John Franklin Hayward was born Nov. 3, 1937, to Anna Mae and Franklin Hayward, the first of what would be four children. He was president of his 1955 graduating class at Central Catholic High School. He was a 1959 graduate of the University of Notre Dame, which he attended on a Navy ROTC scholarship. Commissioned for Navy duty afterward, he served aboard the USS Independence.
He received his law degree in 1966 from Georgetown University.
He and the former Mary Beth Ludwig married Aug. 25, 1962. She died Jan. 20, 2004. Their daughter Elizabeth Hayward Bonifas died Oct. 3, 2013.

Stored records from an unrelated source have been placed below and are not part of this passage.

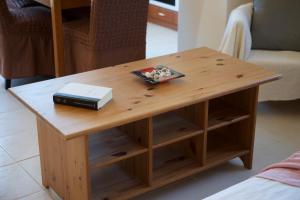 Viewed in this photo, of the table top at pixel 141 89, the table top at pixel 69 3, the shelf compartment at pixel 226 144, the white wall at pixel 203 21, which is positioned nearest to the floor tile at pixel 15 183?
the table top at pixel 141 89

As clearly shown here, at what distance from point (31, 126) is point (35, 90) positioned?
0.84 meters

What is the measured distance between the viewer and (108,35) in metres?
3.08

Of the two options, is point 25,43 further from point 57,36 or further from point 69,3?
point 69,3

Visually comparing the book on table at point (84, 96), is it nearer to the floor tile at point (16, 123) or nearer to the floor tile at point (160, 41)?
the floor tile at point (16, 123)

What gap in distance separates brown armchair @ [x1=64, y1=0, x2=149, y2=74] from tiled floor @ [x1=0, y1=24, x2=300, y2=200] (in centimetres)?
52

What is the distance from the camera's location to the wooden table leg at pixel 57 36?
322 centimetres

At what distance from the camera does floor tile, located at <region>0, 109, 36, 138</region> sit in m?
2.91

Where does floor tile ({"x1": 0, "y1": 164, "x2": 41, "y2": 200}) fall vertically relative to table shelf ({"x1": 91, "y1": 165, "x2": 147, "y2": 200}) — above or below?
below

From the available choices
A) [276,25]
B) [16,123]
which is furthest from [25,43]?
[276,25]

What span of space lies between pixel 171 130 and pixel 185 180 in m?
0.30

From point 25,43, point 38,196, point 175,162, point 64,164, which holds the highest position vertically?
point 25,43

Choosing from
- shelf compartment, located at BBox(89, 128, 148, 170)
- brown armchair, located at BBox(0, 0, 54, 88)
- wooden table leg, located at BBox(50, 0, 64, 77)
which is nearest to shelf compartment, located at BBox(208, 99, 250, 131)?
shelf compartment, located at BBox(89, 128, 148, 170)

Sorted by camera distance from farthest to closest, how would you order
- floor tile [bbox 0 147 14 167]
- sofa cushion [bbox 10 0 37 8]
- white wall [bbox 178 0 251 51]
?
sofa cushion [bbox 10 0 37 8] < white wall [bbox 178 0 251 51] < floor tile [bbox 0 147 14 167]

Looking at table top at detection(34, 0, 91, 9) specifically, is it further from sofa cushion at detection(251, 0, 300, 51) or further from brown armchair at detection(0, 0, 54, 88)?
sofa cushion at detection(251, 0, 300, 51) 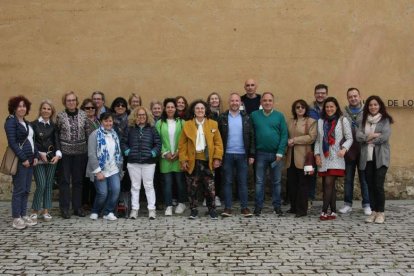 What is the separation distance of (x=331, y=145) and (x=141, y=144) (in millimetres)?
2749

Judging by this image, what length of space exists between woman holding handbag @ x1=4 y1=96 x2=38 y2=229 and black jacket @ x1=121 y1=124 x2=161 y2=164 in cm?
132

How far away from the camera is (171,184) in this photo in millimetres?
7504

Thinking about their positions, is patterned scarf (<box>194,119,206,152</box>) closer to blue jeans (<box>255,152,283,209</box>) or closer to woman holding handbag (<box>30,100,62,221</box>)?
blue jeans (<box>255,152,283,209</box>)

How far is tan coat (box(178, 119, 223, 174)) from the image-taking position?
709cm

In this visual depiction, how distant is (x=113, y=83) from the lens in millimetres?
8586

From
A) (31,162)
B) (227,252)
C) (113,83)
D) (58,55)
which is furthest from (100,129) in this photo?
(227,252)

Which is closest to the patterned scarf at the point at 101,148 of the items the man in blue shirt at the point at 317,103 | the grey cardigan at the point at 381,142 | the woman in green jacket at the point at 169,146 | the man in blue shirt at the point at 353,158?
the woman in green jacket at the point at 169,146

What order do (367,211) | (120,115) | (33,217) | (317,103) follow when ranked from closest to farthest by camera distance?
(33,217) → (367,211) → (120,115) → (317,103)

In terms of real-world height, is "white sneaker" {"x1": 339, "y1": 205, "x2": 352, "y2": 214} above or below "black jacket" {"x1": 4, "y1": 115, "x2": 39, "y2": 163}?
below

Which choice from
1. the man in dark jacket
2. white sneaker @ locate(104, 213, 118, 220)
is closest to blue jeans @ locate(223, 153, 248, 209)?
the man in dark jacket

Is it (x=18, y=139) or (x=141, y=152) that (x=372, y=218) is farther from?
(x=18, y=139)

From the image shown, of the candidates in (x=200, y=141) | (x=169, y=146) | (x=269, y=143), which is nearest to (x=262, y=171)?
(x=269, y=143)

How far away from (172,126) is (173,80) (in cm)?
139

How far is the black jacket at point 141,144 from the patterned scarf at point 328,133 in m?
2.42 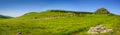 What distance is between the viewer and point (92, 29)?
108 meters

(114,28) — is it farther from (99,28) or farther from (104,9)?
(104,9)

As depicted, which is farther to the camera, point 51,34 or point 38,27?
point 38,27

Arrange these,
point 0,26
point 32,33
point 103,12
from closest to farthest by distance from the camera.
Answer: point 32,33 < point 0,26 < point 103,12

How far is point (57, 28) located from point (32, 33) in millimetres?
14294

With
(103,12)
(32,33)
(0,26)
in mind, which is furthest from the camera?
(103,12)

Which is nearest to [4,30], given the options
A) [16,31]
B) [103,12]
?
[16,31]

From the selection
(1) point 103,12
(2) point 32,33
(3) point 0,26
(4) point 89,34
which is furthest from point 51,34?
(1) point 103,12

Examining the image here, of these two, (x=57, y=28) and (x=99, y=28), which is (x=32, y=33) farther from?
(x=99, y=28)

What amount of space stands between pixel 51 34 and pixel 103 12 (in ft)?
278

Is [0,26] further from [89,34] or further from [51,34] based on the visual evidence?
[89,34]

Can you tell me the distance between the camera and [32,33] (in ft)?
335

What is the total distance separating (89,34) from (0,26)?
110ft

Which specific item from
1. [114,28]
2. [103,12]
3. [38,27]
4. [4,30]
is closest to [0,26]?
[4,30]

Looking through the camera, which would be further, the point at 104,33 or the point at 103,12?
the point at 103,12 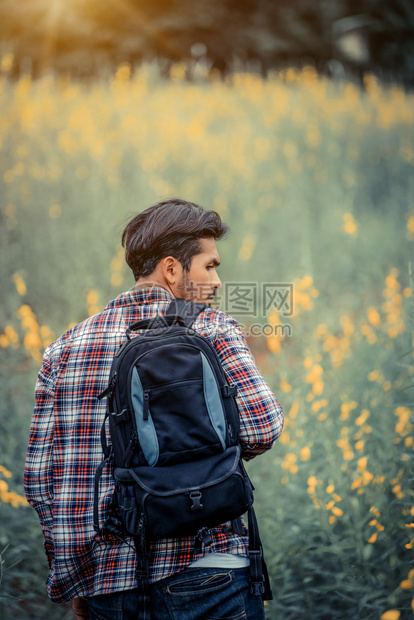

Surviving are his wife, Jeanie Bugert Hayward, whom he married in 2005; sons John P. Hayward, Thomas Hayward, and Ethan Hayward; daughter, Bridget Kahle; stepson, Michael Bugert; stepdaughters Kristi DelVerne, Gretchen Williams, and Jennifer Norman; sisters Kristi Brewer and Sally Marlowe; brother, Richard Hayward; 10 grandchildren; a great-granddaughter, and 13 step-grandchildren.
Visitation will be from 4-8 p.m. Friday at Walker Funeral Home, Sylvania Township. A memorial Mass will begin at 11 a.m. Saturday at Corpus Christi University Parish.
The family suggests tributes to the Library Legacy Foundation of Toledo Lucas County Public Library.
Published by The Blade on Feb. 7, 2024.